Extracted records
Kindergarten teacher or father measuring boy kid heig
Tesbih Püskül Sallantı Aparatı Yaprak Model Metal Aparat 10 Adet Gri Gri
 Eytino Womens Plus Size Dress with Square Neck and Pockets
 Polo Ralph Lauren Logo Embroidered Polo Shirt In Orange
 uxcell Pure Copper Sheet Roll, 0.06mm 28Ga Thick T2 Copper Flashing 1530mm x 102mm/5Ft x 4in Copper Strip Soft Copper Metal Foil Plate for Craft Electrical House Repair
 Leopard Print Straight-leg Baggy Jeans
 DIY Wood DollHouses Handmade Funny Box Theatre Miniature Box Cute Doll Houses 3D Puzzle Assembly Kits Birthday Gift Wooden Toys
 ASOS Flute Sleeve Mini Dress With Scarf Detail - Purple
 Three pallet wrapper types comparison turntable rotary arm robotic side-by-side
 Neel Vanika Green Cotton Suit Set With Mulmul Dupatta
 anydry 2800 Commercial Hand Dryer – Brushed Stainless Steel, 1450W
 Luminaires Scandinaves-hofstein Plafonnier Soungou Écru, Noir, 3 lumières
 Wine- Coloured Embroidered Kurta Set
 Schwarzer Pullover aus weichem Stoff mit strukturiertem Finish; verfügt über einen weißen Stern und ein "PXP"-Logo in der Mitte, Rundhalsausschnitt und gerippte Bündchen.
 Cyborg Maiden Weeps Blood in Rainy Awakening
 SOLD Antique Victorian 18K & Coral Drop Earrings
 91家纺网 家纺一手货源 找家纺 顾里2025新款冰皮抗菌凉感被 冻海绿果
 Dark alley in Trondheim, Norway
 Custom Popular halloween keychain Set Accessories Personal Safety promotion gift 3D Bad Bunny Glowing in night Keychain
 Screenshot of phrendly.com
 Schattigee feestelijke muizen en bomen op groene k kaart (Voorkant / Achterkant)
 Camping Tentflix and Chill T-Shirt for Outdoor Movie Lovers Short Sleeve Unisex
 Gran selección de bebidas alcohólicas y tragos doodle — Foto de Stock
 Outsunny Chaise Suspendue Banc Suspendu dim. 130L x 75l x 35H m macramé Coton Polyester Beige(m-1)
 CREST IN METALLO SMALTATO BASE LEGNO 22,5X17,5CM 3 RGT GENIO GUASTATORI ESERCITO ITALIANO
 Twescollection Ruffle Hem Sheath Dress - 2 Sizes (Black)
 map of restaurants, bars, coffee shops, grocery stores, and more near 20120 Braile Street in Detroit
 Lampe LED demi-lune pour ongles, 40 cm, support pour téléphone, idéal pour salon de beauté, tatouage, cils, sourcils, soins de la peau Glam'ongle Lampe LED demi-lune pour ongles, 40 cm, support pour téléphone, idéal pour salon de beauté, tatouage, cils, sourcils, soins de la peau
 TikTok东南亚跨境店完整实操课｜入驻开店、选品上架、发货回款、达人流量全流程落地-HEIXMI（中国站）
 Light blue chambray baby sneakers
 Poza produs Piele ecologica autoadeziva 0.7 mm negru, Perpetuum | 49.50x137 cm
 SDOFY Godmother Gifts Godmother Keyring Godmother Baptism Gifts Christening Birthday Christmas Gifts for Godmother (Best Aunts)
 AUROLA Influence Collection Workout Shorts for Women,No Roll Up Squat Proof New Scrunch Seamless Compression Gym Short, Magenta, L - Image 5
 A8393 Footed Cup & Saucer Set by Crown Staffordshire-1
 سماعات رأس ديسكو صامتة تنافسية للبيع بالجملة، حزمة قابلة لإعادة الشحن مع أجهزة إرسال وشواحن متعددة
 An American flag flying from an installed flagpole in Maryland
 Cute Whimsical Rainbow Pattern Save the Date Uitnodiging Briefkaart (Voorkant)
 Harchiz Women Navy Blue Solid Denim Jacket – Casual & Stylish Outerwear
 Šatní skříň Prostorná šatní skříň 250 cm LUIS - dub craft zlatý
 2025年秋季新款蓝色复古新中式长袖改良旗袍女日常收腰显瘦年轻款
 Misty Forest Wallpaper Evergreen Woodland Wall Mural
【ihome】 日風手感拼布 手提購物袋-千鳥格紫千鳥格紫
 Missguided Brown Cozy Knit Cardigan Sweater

EXERCISE OBJECTIVE ->
Beginning at the line above that contains "Cyborg Maiden Weeps Blood in Rainy Awakening", return each line exactly through the line that contains "map of restaurants, bars, coffee", and no others.

WRITTEN REPLY ->
 Cyborg Maiden Weeps Blood in Rainy Awakening
 SOLD Antique Victorian 18K & Coral Drop Earrings
 91家纺网 家纺一手货源 找家纺 顾里2025新款冰皮抗菌凉感被 冻海绿果
 Dark alley in Trondheim, Norway
 Custom Popular halloween keychain Set Accessories Personal Safety promotion gift 3D Bad Bunny Glowing in night Keychain
 Screenshot of phrendly.com
 Schattigee feestelijke muizen en bomen op groene k kaart (Voorkant / Achterkant)
 Camping Tentflix and Chill T-Shirt for Outdoor Movie Lovers Short Sleeve Unisex
 Gran selección de bebidas alcohólicas y tragos doodle — Foto de Stock
 Outsunny Chaise Suspendue Banc Suspendu dim. 130L x 75l x 35H m macramé Coton Polyester Beige(m-1)
 CREST IN METALLO SMALTATO BASE LEGNO 22,5X17,5CM 3 RGT GENIO GUASTATORI ESERCITO ITALIANO
 Twescollection Ruffle Hem Sheath Dress - 2 Sizes (Black)
 map of restaurants, bars, coffee shops, grocery stores, and more near 20120 Braile Street in Detroit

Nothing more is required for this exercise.